When exactly will Subway overtake MickyD's? "My guess is it's going to be before the end of the year," says Tony Pace, chief marketing officer of the Subway Franchise Advertising Fund Trust. He says consumers are always surprised to learn that Subway has more than 32,000 outlets. "We're not as visible as McDonald's because we can put a Subway restaurant into a relatively small footprint. We can be in a strip mall and don't need to be a big stand-alone restaurant."
It may seem incredible that such venerable American icon as McDonald's could be surpassed by a sandwich shop that began in 1965. Yet the company, which is owned by closely held Doctor's Associates Inc., seems to have hit upon a branding strategy that's stimulated the public's appetite for its subs. Its message is that by eating at Subway, anyone might become healthier. Just look at Jared Fogle, the man who lost 245 pounds by incorporating Subway sandwiches into his diet and subsequently became the public face of the fast-food chain.
That message has struck a chord with many consumers at a time when obesity rates are up and many people feel they lack the time to prepare home-cooked meals. McDonald's, on the other hand, was hurt by the 2004 documentary Super Size Me, which tracked filmmaker Morgan Spurlock as he ate only McDonald's food for 30 days. The result? He gained 24 pounds and his cholesterol skyrocketed.

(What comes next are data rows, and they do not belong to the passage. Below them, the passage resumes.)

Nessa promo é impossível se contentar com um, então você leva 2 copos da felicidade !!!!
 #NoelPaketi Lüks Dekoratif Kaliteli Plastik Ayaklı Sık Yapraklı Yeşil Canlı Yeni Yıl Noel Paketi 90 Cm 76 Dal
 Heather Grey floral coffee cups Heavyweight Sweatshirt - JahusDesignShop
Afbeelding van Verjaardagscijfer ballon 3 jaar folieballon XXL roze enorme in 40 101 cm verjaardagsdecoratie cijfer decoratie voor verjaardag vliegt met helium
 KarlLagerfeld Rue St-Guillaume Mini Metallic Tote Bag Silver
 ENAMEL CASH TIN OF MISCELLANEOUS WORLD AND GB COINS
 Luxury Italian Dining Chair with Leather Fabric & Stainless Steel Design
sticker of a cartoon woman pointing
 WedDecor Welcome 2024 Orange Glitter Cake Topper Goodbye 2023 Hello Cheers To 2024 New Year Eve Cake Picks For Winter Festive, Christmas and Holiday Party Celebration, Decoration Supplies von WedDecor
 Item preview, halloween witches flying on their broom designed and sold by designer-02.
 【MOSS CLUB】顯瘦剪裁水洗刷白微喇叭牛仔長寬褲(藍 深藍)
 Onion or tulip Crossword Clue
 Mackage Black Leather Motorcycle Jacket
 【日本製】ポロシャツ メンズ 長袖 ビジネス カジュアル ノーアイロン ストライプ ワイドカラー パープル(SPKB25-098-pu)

Yet McDonald's is hardly slacking off. The company said on Sept. 9 that sales at stores open more than a year rose 2.2 percent in August, boosted by new products including the McCafe coffee drinks and the Angus Third Pounder burgers. And even though Subway's locations will soon outpace McDonald's, it's sales are a still a fraction of the burger behemoth's. According to Advertising Age, which cited data from Technomic, the average Subway store made about $445,000 last year, compared with $2.3 million for the average U.S. McDonald's.
That smaller size can be seen as a strategic benefit for competing with McDonald's, says Subway's Pace. "Maybe we'll sneak up on them," he says.